4. OWNERSHIP AND INTELLECTUAL PROPERTY

(a) All rights, title and interest in the Services (including, without limitation, any software programmes used by Natural Capital Partners and its Suppliers in connection with the Services) belong to and shall remain vested in Natural Capital Partners and its Suppliers, as applicable. User acquires no rights in the Services except where expressly granted in this End User Agreement.

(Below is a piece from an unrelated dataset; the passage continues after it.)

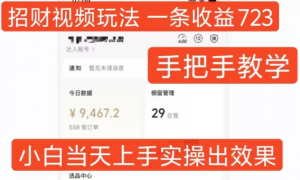 招财视频玩法，一条视频收益723，手把手教学，小白当天可上手-小牛学府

(b) User shall not (i) attempt to duplicate, modify or distribute any portion of the Services; or (ii) attempt to reverse compile, disassemble, reverse engineer or otherwise reduce to human perceivable form any of the Services, except as may be allowed by any applicable law which is incapable of exclusion by agreement between the parties; or (iii) use the Services to provide services to third parties; or (iv) transfer, temporarily or permanently, any of User’s rights under this agreement; or (v) attempt to obtain, or assist others in obtaining access to the Services, other than as provided in this End User Agreement. Unauthorised use may subject User to severe civil and criminal penalties.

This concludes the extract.